Olhei para meu relógio. Um minuto para as 11 horas. Trinta segundos. E então 11 horas, a décima-primeira hora do décimo-primeiro dia do décimo-primeiro mês. Eu era a única platéia do maior espetáculo já apresentado na Terra. De ambos os lados da terra de ninguém, as trincheiras entraram em erupção. Homens com uniformes marrons irromperam das trincheiras americanas, uniformes cinza-esverdeados saíam das alemãs. Do meu assento de observador, acima, vi atirarem seus capacetes para o ar, abandonarem suas armas e acenarem para o outro lado. Então, de um lado a outro do front, os dois grupos de homens começaram a avançar na terra de ninguém. Segundos antes, eles estavam dispostos a atirar um nos outros; agora eles se aproximavam. Inicialmente, de forma hesitante, mas depois com mais rapidez. 

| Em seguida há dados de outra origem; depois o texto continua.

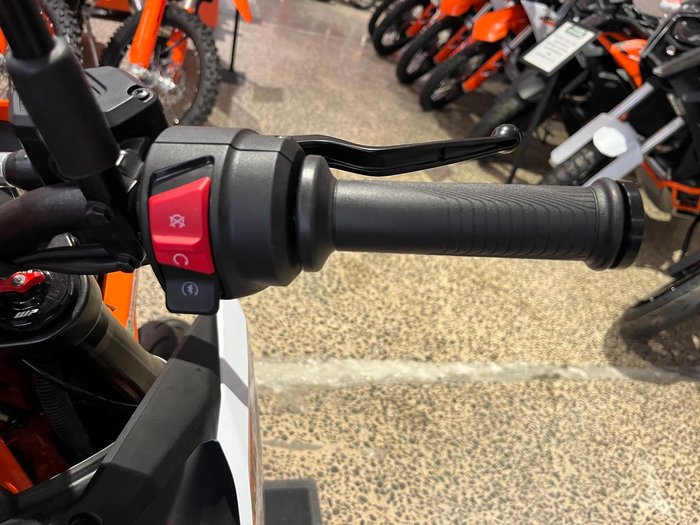 2025 KTM 390 SMC R SMC Orange
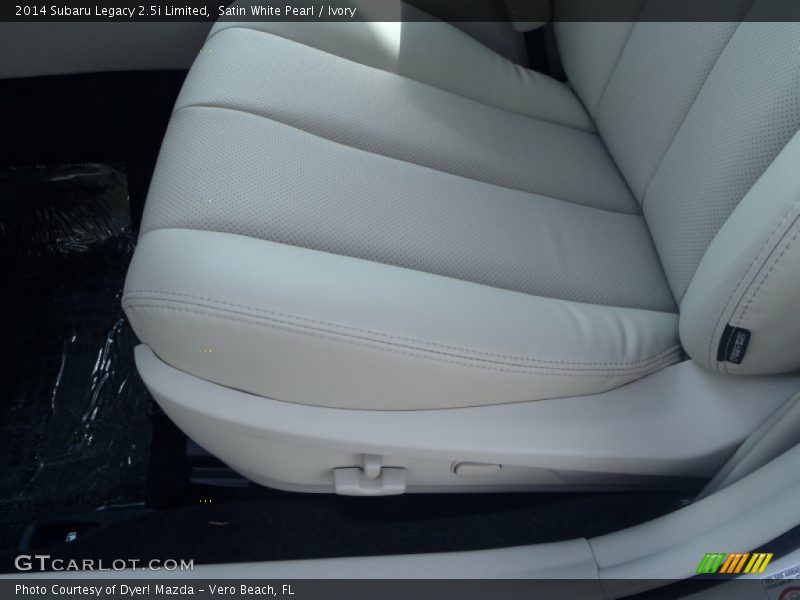 Satin White Pearl / Ivory 2014 Subaru Legacy 2.5i Limited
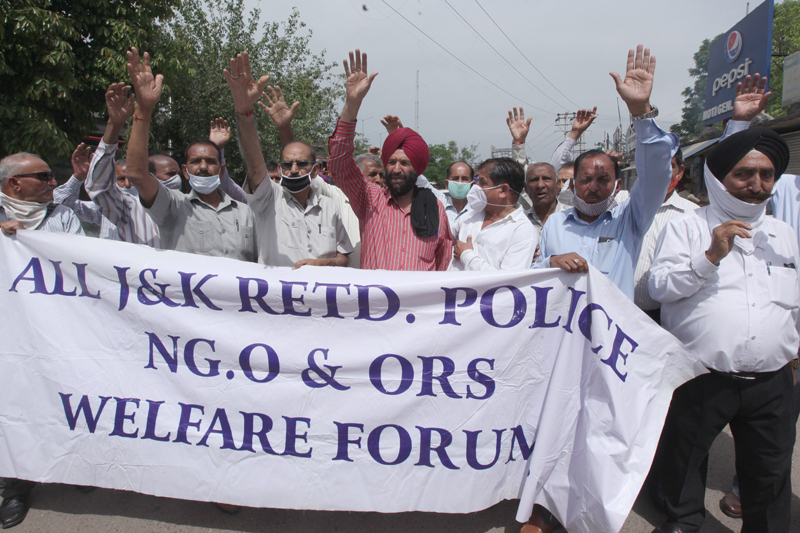 Retd police personnel protesting on Monday. — Excelsior/Rakesh Retd police personnel protesting on Monday. — Excelsior/Rakesh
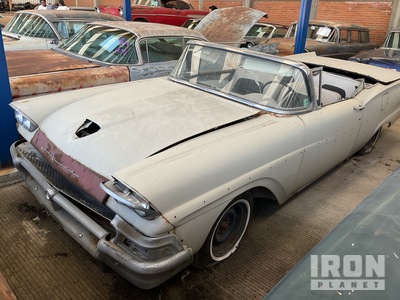 1958 Ford Fairlane 500 Skyliner Automovil (Solo Partes) / Parts Only Automobile (Inoperable)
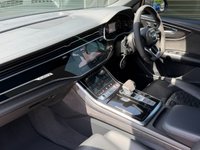 USED 2020 70 AUDI RSQ8 4.0 TFSI V8 Carbon Black SUV 5dr Petrol Tiptronic quattro Euro 6 (s/s) (600 ps)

De repente, uniformes cinzas se misturavam aos marrons. Eu pude vê-los abraçando uns a outros, dançando, pulando. Americanos distribuíam cigarros e chocolate. Voei para o setor francês. Lá era tudo ainda mais incrível. Depois de quatro anos de carnificina e ódio, eles estavam não apenas se abraçando, mas também se beijando nas duas bochechas também.
Bombas, foguetes e sinalizadores subiam aos céus, e dei meia-volta rumo à base. A guerra havia acabado.